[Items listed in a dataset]

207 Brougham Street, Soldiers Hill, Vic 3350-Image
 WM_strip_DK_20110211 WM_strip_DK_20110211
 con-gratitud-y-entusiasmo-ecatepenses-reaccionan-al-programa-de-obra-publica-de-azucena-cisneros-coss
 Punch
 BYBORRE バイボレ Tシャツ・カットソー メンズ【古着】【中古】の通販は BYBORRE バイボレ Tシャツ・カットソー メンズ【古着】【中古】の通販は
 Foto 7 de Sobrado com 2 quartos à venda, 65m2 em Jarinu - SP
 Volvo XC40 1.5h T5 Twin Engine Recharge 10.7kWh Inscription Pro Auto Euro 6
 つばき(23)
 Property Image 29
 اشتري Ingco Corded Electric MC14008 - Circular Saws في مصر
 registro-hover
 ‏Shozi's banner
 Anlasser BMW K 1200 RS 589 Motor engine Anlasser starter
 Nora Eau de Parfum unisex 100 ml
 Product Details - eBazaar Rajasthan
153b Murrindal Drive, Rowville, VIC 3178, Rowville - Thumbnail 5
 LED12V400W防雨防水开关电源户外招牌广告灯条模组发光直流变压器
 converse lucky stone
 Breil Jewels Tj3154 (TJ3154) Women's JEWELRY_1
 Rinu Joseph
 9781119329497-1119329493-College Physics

REQUIRED ACTION:
Beginning from the line that contains "Product Details - eBazaar Rajasthan", give each line again exactly, through the final line of the records.

TASK RESPONSE:
 Product Details - eBazaar Rajasthan
153b Murrindal Drive, Rowville, VIC 3178, Rowville - Thumbnail 5
 LED12V400W防雨防水开关电源户外招牌广告灯条模组发光直流变压器
 converse lucky stone
 Breil Jewels Tj3154 (TJ3154) Women's JEWELRY_1
 Rinu Joseph
 9781119329497-1119329493-College Physics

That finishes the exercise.